Directions for this task — Write the listing out again word for word, leaving each picture behind.

Supplied data —
--- START ---

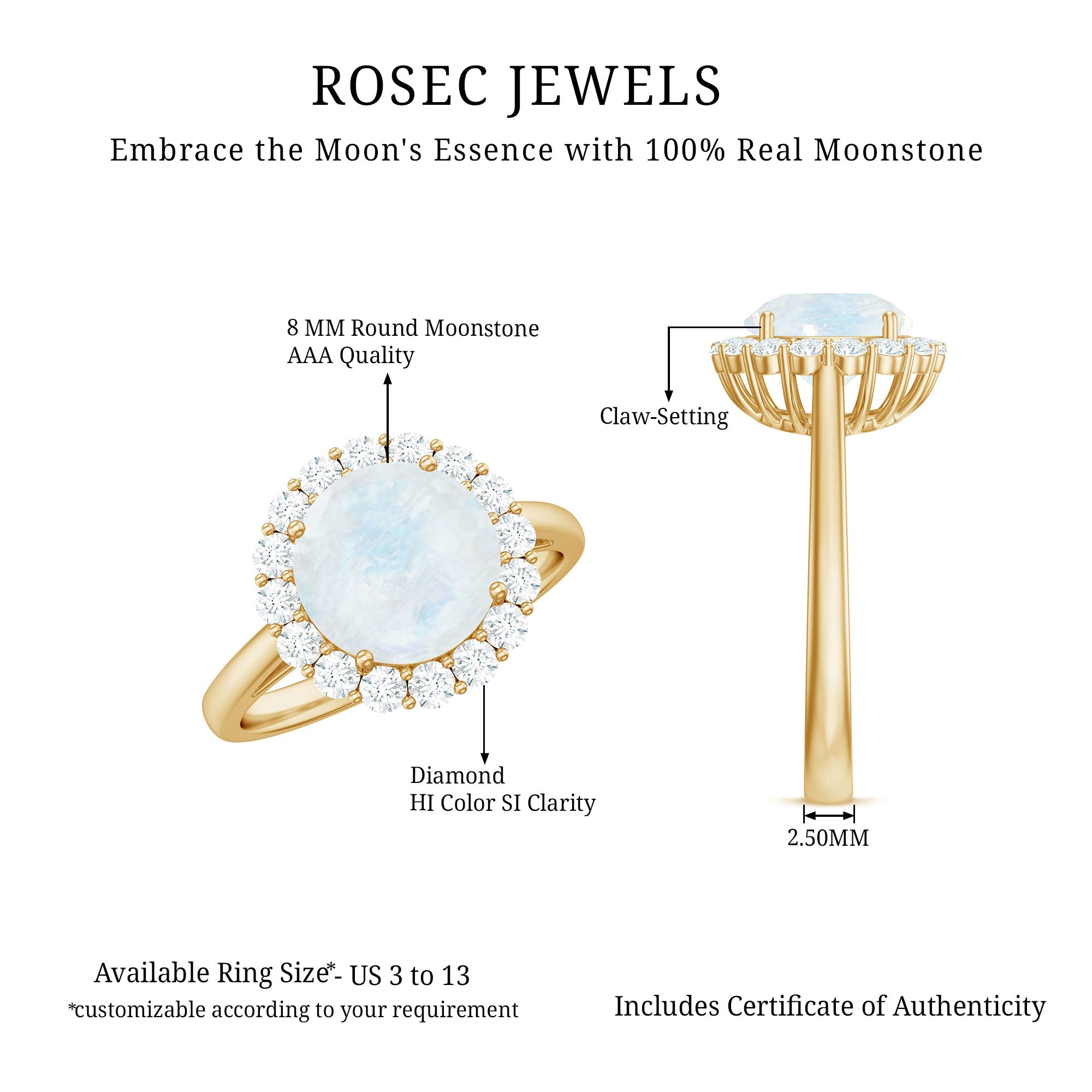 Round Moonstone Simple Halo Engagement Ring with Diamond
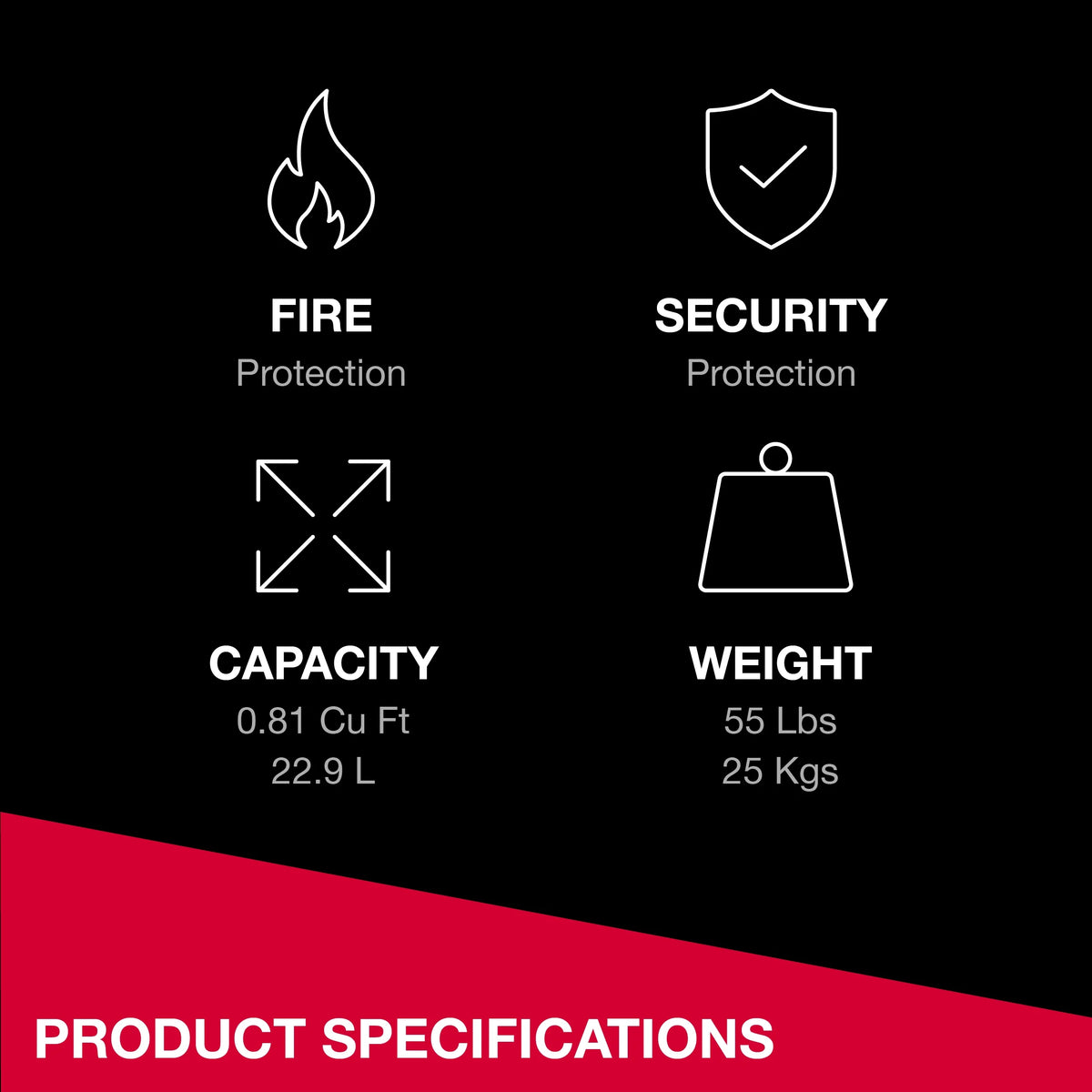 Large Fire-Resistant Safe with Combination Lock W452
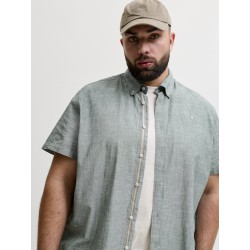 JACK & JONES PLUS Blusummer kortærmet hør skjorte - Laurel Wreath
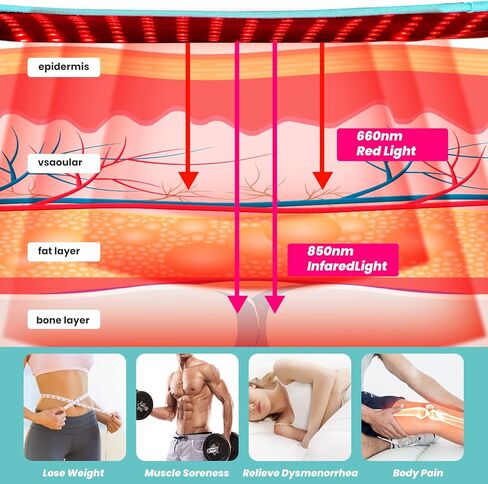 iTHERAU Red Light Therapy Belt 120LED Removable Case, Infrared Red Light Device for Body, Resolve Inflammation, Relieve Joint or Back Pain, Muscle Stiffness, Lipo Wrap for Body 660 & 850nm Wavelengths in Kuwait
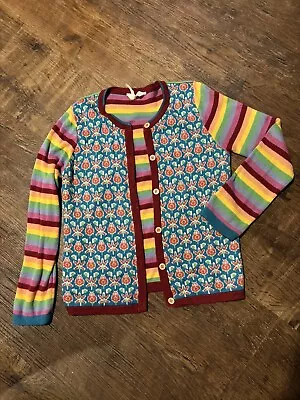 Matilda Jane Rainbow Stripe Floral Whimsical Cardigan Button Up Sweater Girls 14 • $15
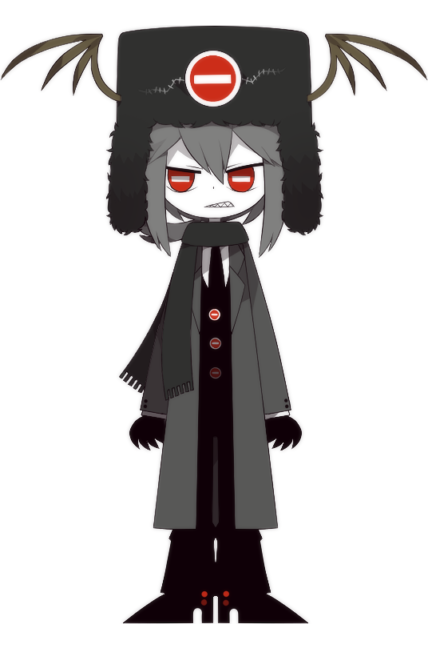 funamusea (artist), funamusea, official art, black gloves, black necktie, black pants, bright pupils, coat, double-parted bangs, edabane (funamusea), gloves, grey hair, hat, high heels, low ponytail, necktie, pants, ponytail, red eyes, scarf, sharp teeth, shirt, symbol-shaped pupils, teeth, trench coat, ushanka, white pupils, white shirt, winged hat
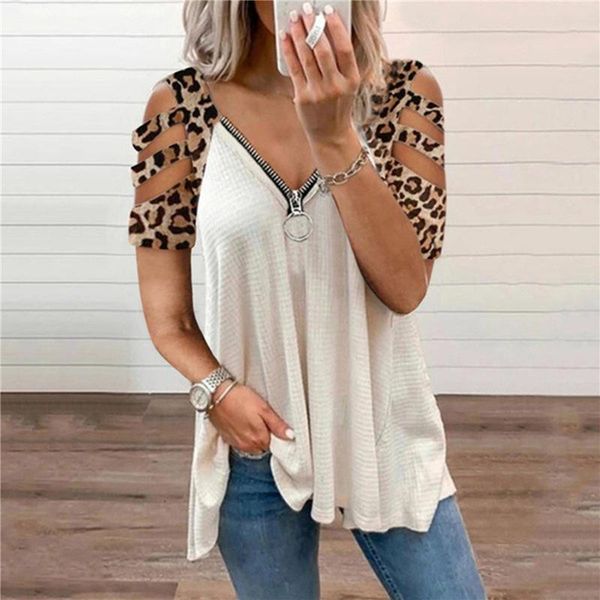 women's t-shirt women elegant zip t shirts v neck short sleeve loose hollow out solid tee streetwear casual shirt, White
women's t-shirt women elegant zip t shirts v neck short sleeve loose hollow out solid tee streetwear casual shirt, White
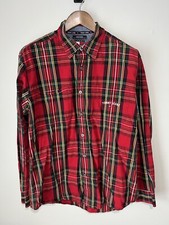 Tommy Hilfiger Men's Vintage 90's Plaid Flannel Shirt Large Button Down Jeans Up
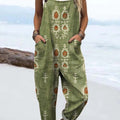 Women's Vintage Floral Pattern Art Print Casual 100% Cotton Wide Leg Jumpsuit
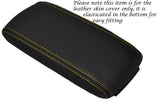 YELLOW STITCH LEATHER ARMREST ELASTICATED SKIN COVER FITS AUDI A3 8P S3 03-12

--- END ---

Reply —
 Round Moonstone Simple Halo Engagement Ring with Diamond
 Large Fire-Resistant Safe with Combination Lock W452
 JACK & JONES PLUS Blusummer kortærmet hør skjorte - Laurel Wreath
 iTHERAU Red Light Therapy Belt 120LED Removable Case, Infrared Red Light Device for Body, Resolve Inflammation, Relieve Joint or Back Pain, Muscle Stiffness, Lipo Wrap for Body 660 & 850nm Wavelengths in Kuwait
 Matilda Jane Rainbow Stripe Floral Whimsical Cardigan Button Up Sweater Girls 14 • $15
 funamusea (artist), funamusea, official art, black gloves, black necktie, black pants, bright pupils, coat, double-parted bangs, edabane (funamusea), gloves, grey hair, hat, high heels, low ponytail, necktie, pants, ponytail, red eyes, scarf, sharp teeth, shirt, symbol-shaped pupils, teeth, trench coat, ushanka, white pupils, white shirt, winged hat
 women's t-shirt women elegant zip t shirts v neck short sleeve loose hollow out solid tee streetwear casual shirt, White
women's t-shirt women elegant zip t shirts v neck short sleeve loose hollow out solid tee streetwear casual shirt, White
 Tommy Hilfiger Men's Vintage 90's Plaid Flannel Shirt Large Button Down Jeans Up
 Women's Vintage Floral Pattern Art Print Casual 100% Cotton Wide Leg Jumpsuit
 YELLOW STITCH LEATHER ARMREST ELASTICATED SKIN COVER FITS AUDI A3 8P S3 03-12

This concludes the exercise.